I want to see an extremely surreal take on a very commonplace daily activity with a lesson in morality threaded throughout. Must include one purple pirate and a handful of feathers.
Writers note: Surprise! I went full surrealism. I promise I am not insane.
As the world begins, so does it end. A daily loop, an infinite chorus of reverence for the grind of life. I take one sheet in my hand and wrap it around the posts of my bed, placing both hands tightly on the fabric as I pull it down, over the country of where I sleep.
Indeed, no man is an island — and neither is a fish an ocean. One must always find a comfortable place to sleep, and one must always dream carefully as we can never be sure what is on the other side. I grab a fresh chicken, plucking feathers from the animal’s plump body. Soon, a few turn into a handful and I am able to stuff my pillow, a quick one-two slap ensuring that the chicken’s bounty is completely spread throughout my sleeping quarters. I do everything with sublime care, as my mother’s dog (Oh, Puddles, you were a wonderful creature!) once told me a story of how a single slip-up might cause your untimely demise.
“Chaos,” he muttered, “will ultimately lead to the downfall of all things if you do not take proper care in keeping them in line.” I nodded then, comprehending everything, though it was always hard to understand him as barking is a primitive sort of thing. Ironic, when you think about it. Barking is just unorganized sound which is indeed chaos — unlike the beautiful melody of human voice, which is in-tune when you properly test your instrument. I pulled a comforter over the sheets, the fluffy cotton reminding me of Puddles’ hair. That dog was an angel. A shame he had to be put down after chewing on the purple pirate’s peg leg — his one mistake. I always that that sea-dweller had it coming, but alas — chaos. It wasn’t organized, so it had to be reshaped to something better. I think his urn is sitting in my chamber somewhere? Ah! There it is. Right where I left it.

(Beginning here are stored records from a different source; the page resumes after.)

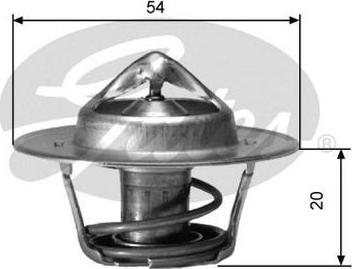 GATES-AU TH00191G1 - Termostats, Dzesēšanas šķidrums autospares.lv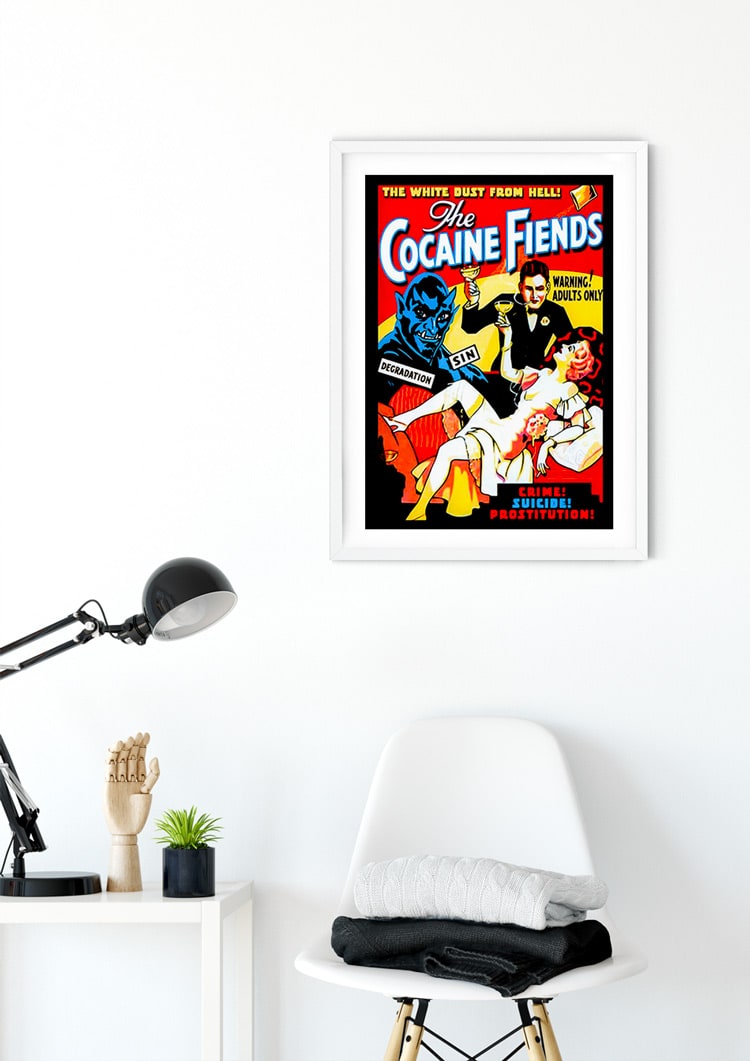 The Cocaine Fiends Retro Giclee Poster
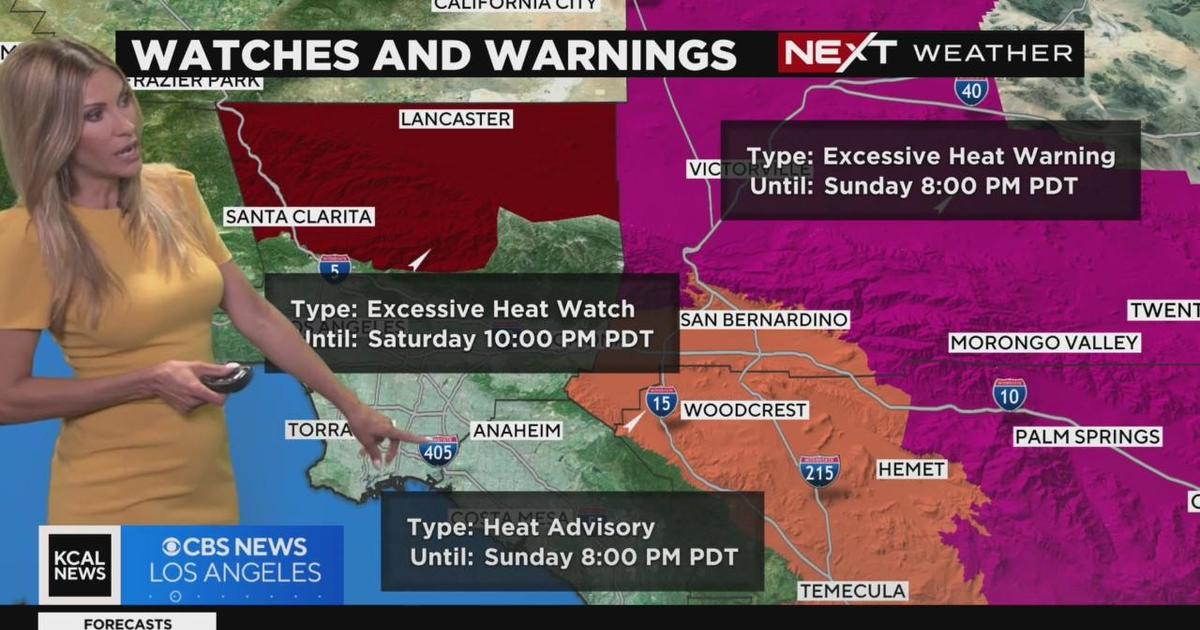 Sweltering Heat Expected To Hit Southland In Coming Days Cbs Los Angeles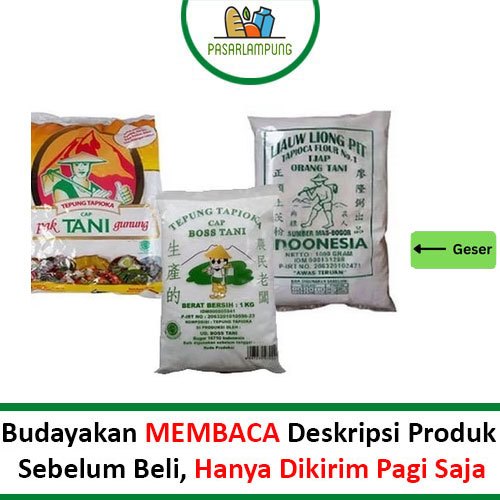

Tepung Tapioka Pempek Pasar Lampung
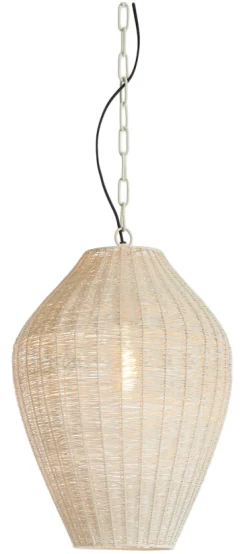 Hanglamp Arriate Metaal, kleur Crème
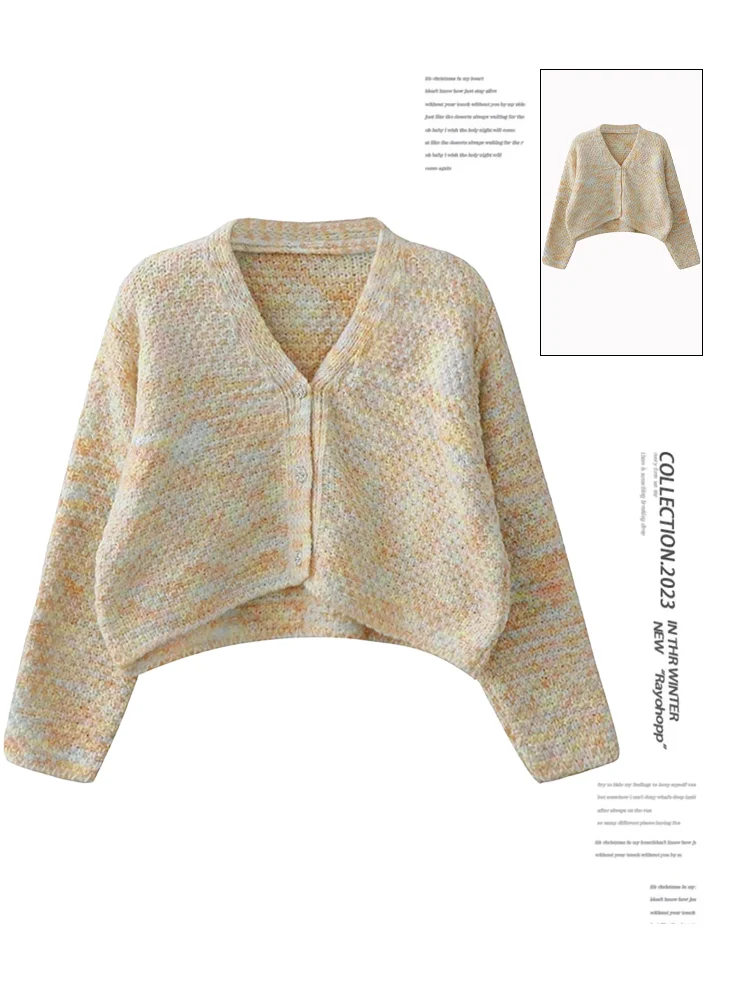 Women's Yellow Cardigan Knitted Sweater Harajuku Y2k Long Sleeves V-Neck Sweater Jumper 90s Vintage 2000s Aesthetic Clothes 2024
Women's Yellow Cardigan Knitted Sweater Harajuku Y2k Long Sleeves V-Neck Sweater Jumper 90s Vintage 2000s Aesthetic Clothes 2024
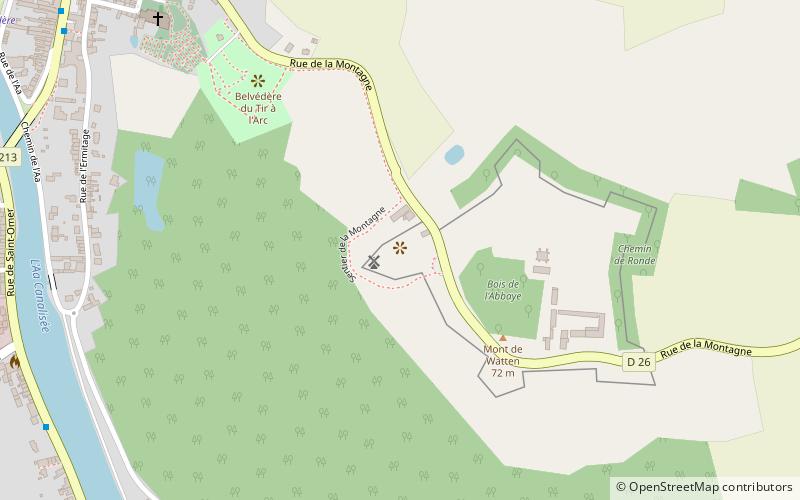Moulin de Watten location map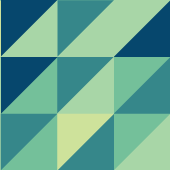 ePaper: Triangles in Blue-Green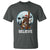 Christmas Bigfoot T Shirt Believe Funny Santa Rock N Roll - Wonder Print Shop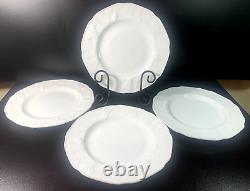 Indiana Colony Harvest Grape Milk Glass Set of four 5-piece place settings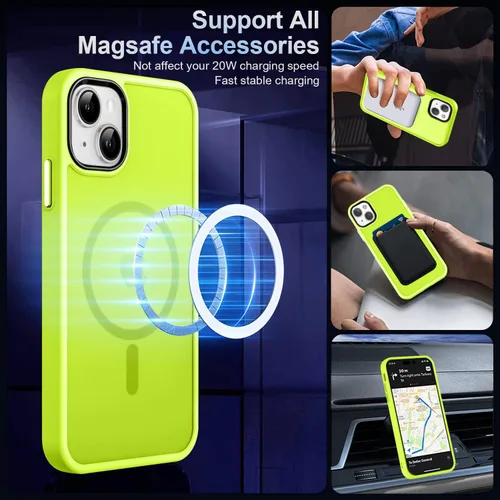 Vista 198 de MOCCA - Funda magnética resistente para iPhone XR de 6.1 pulgadas, compatible con MagSafe, funda con protección contra caídas de grado militar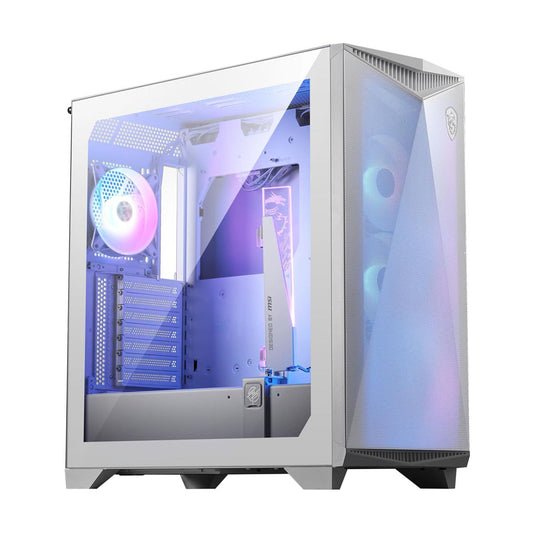 GABINETE MSI (MPG GUNGNIR 300R AIRFLOW WHITE) BLANCO,VIDRIO TEMPLADO,4*FAN ARGB,ATX,S/FUENTE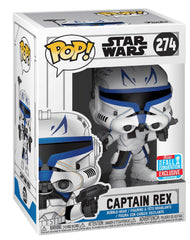 Funko Pop Captain Rex 274 2018 Fall Convention Exclusive in box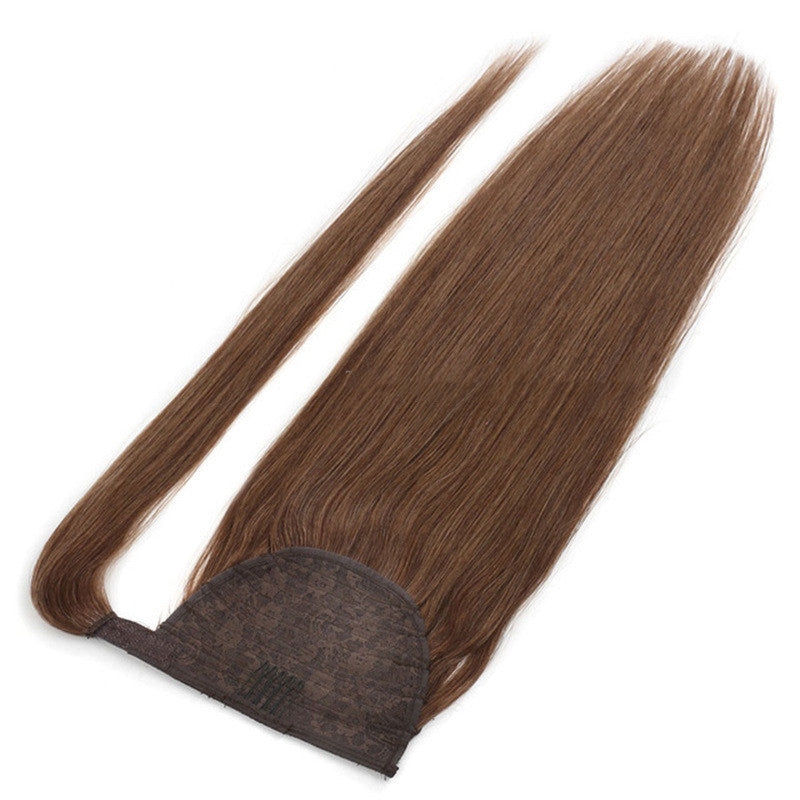 Wig Female Real Hair Ponytail Straps Tied Ponytail
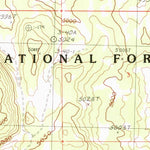 United States Geological Survey Boles Meadow East, CA (1990, 24000-Scale) digital map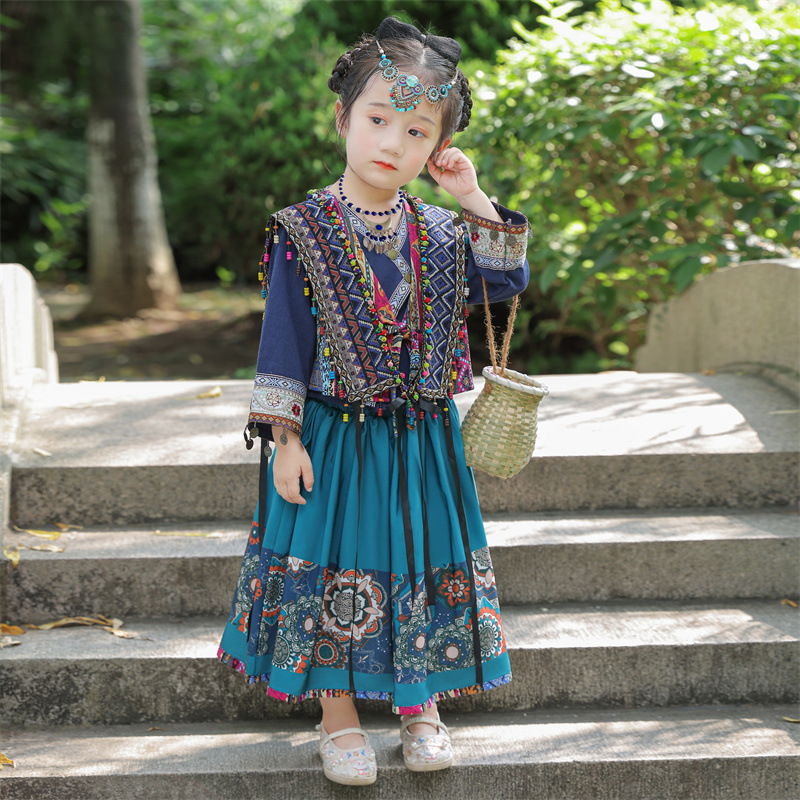 Miaojiang princess Hanfu girl spring and autumn new exotic style…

The sun has come up and I think it is a perfect time for a nap, but what a waste it is when you consider the day had just begun and here I am sleeping it away. That seems like quite an affront to the nature of the universe. Perhaps I am part of chaos? Am I insulting organization? I’d hope not, or else I would find myself devoured by my dreams and probably hunted by Beelzebub. That would be a true shame! I’m not sure what I would do.
I won’t wake up tomorrow though, it’s impossible as I forgot to put the blanket on top of the comforter, so now everything is out of order and I don’t really exist anymore. How could I? If there was no organization, I would just be my scrambled thoughts and nothing else.